However, the expectation principle can cause the experience of astral projection to take on a highly spiritual form. Believers in the afterlife expect to see angels, deceased spirits and even gods - and so that is what they do see.
They may travel to different so-called astral planes, described as layers of ethereal realities shaped by energy and light. Yet one key similarity remains: in astral projection, out of body experiences and lucid dreams, your thoughts guide the experience.
So if you imagine a friend's house, you will likely zap there in an instant. If you imagine your body back in bed, you will quickly return to it. And if you expect to see an astral chord connecting you to your body, it will materialize for you.
Scientists do not believe that astral projection is real. It is a spiritual theory, and other than first-hand accounts, we have no physical evidence of the phenomena.
While lucid dreams are officially deemed as internally generated experiences, astral projection is the belief that the spirit literally travels outside the body, in real, externally generated spiritual realms.
That is an extraordinary claim - and therefore requires extraordinary proof. Unlike lucid dreaming, we have not been able to prove the existence of astral projection under controlled conditions nor verify any awareness literally exiting the body.
Not only is it presumptuous to believe in something nobody has been able to physically verify, it's also damaging to your own experience due to the Expectation Principle.

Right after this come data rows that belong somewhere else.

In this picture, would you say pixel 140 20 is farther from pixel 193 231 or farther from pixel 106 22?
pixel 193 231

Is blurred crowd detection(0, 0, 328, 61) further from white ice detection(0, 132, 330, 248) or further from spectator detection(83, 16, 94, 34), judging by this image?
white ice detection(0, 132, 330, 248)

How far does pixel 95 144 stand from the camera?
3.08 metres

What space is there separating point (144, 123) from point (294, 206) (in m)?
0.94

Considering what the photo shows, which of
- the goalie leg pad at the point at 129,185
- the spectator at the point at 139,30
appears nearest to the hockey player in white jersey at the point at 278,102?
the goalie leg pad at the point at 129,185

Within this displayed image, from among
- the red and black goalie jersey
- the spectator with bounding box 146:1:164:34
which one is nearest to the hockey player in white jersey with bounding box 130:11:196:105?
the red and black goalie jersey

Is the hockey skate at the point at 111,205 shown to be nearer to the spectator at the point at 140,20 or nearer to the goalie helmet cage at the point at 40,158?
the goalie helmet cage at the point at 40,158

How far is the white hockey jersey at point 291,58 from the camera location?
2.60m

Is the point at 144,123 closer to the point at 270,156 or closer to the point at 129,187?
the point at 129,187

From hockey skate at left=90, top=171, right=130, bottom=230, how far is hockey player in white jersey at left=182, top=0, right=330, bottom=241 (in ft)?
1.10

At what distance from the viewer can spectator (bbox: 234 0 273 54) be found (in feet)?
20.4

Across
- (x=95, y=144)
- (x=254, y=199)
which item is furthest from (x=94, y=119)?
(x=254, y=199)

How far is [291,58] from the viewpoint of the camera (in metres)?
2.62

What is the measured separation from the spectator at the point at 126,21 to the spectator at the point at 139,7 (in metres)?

As lucid dreamers, we all know that our expectations have a significant impact on our lucid dream experiences. For the out of body explorer, expecting to encounter the astral world can be a major hindrance.
Often, so-called spirit travelers claim to communicate with deceased loved ones and even entities from alien worlds. Intrepid explorers are rewarded with mind-blowing experiences that seem so real that they may forever convince them of life after death.

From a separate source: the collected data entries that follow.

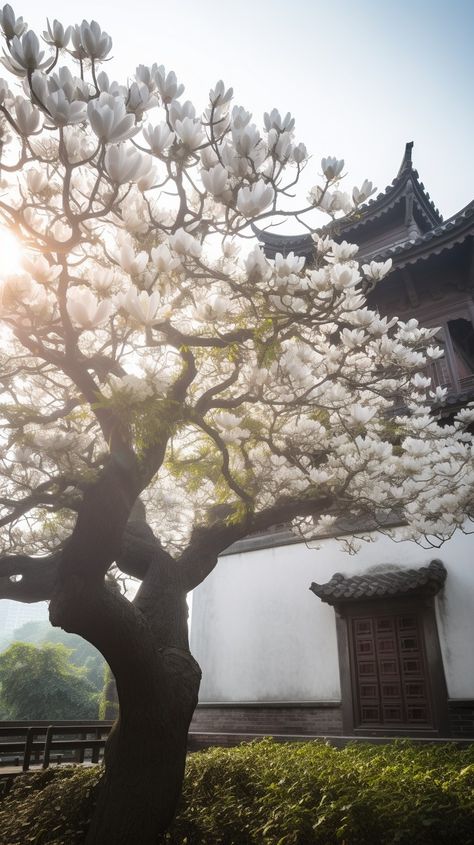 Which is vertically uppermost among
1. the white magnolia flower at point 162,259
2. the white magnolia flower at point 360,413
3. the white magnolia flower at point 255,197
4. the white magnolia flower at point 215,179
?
the white magnolia flower at point 215,179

However, some of these astral projection experiences can be quite frightening - because of the direct implications of mingling with the spirit world. One example is from the lucid dreamer, Erin Pavlina, who described her first astral projection experience as terrifying:
Under the effect of sleep paralysis, Erin sensed three other entities in her bedroom, trying to coax her out of body. She had problems trying to breathe, scream, and free herself from the paralysis. The more she fought it, the more terrified she became, until she eventually woke up. She later had a nervous breakdown.
Erin believed her spirit was in a literal tug-of-war against the presences in her room (who, incidentally, she could also hear talking about her). Believing the events to be real, this was no doubt terrifying.
Yet, when we take the scientific perspective that astral projection isn't real, we can rationalize that the experience was just a dream during sleep paralysis and thereby reduce the fear involved. The conscious understanding that the entities are simply nightmarish figures really does help reduce the fear and lead to better dream outcomes.
If you regularly astral project, or explore out of body, or are even about to have your first experience, I urge you to take this perspective and see how it affects your experience.
You simply need to assume that the scenario is a dream, no matter how vividly your bedroom appears to you. This knowledge will empower you to take control of the experience faster, which is of utmost importance if you are worried about negative entities encroaching on your dreamspace.
This is what lucid dreamers frequently do when they encounter nightmares. In the example above, Erin was already an advanced lucid dreamer by this point, yet her powerful belief in the spirit world led her to believe that this out-of-body experience was beyond her control.
After that, Erin had many more astral projection experiences and met many more negative entities in the spirit world. Eventually she learned to fight them (Buffy-The-Vampire-Slayer-style).
In lucid dreams, however, there is no need to fear nightmare figures - you can very often embrace and relate to them. If given a choice, right now, would you rather embrace every aspect or your unconscious self appearing in your dreams - or fight them off as if twisted spirits?